Los sábados madrugaba para lavar toda la ropa de la semana, y el domingo no podía darme el lujo de quedarme en la cama después de las 8 am; había desayuno que hacer y tareas que revisar. Cada noche veía a la ventana y me repetía como mantra: “eres la esposa perfecta”, suspiraba y me iba a dormir. Sobrellevar la odisea de cada semana, era algo sin emoción, sin cambio, rutinario, como de robot.

Poco a poco olvidé a todas las musas que en algún momento iluminaron mi esperanza para no ser como las otras Mendoza. Ahí estaba yo, siendo el orgullo de la bisabuela como “la esposa del año”, sin llorar frente a Él, aguantando sus infidelidades, tal como me había instruido: una mujer se aguanta, ¡porque es mujer!, aunque ande con otra, siempre serás su mujer, y nosotras las Mendoza, aguantamos hasta la muerte. Menos mal la bisabuela está muerta, ya hace años de eso, porque seguramente hubiese ardido en cólera al saber que no seguí las instrucciones de aguantar.

Me cansé, como muchas, pero como pocas, alcé la voz, y no me permití volverlo a aguantar. Pensé en mi hija; no quería que pasara por lo mismo, no iba a darle el ejemplo de sumisión ante nadie. No iba a promover que ella sufriera una relación falsa.

Recordé mi espíritu radical de querer cambiar el mundo; volví a ver en mí y escuché mi corazón por fin. –¡Soy libre!– me decía a mí misma mientras lloraba en el baño tras haber firmado el divorcio. Intentaba recuperar mi memoria, esa memoria de lo que en verdad quería ser; en ese plan no estaba zurcir calcetines del padre de mi hija mientras Él tenía una aventura.

Caminé con la frente en alto; no había fracasado en una relación, no había fallado al ser una buena esposa; saboreaba la victoria de respirar mi esencia de nuevo. No me importaba qué pensaría de mí la sociedad. Mi motivación ya no era satisfacer a nadie que no fuera yo.

Llegué a los 33 años sintiéndome feliz, estaba haciendo lo que soñaba, ya no cargaba con la imposición de “ser una mujer hecha y derecha”, que en realidad me hacía verme chueca.
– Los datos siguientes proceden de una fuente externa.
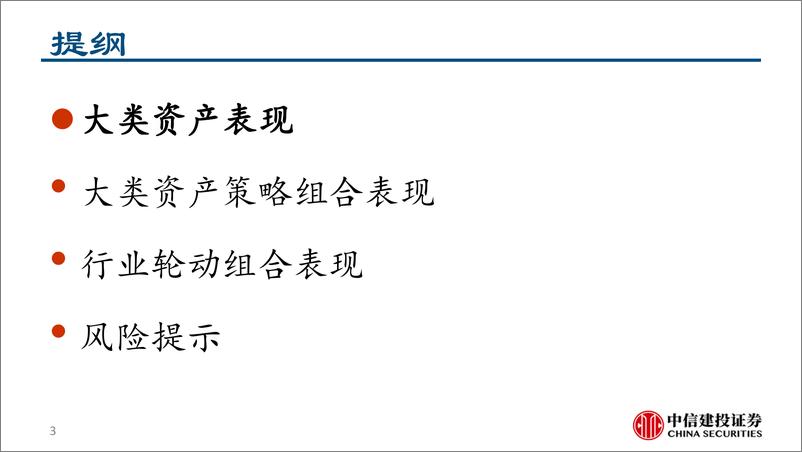 《大类资产配置和A股相对收益策略模拟组合跟踪：A股回调，大类资产配置策略稳定正收益-250113-中信建投-24页》 - 第3页预览图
Reabrí los ojos a mis deseos, era un nuevo comienzo, tenía otra oportunidad de ser parte del cambio, ayudando a más mujeres a cambiar su mentalidad, señalándoles la oportunidad de un nuevo inicio de vida y realización, sin importar su edad, compartiendo mi historia de vida. Hoy mi historia queda como anécdota vivencial que puede servirle a otras personas para no caer en el abismo en el que estuve.

Hoy, no solo las enseñanzas impuestas por la bisabuela quedaron atrás, también las ideas falsas que fui adquiriendo en todos estos años. Con la mente abierta a nuevas teorías solo tengo un legado y un aprendizaje que ofrecerle a mi hija, a mis nietos y a mis bisnietos: ser la mujer u hombre que deseen ser en la vida sin importar qué dirá la sociedad, sin satisfacer las necesidades de nadie, con la convicción de lograr sus metas, de sentir orgullo por cada uno de sus pasos, sin pisar a nadie; apoyando mujeres, motivando mentes, alimentando de sabiduría el alma y el corazón.

Esa conexión de mirar a otras mujeres con la esperanza de sonreír y disfrutar sin ser abusadas, sin estereotipos de perfección, que aman libres, me motivó a contar esta historia.

Sea cual sea tu lucha, no hace falta ser la esposa, hija, madre, mujer perfecta, mientras sigas el sueño que te motiva a sentirte plena. Aprende a escuchar tus emociones, a honrar y agradecer en el ser que te has convertido con el paso de los años.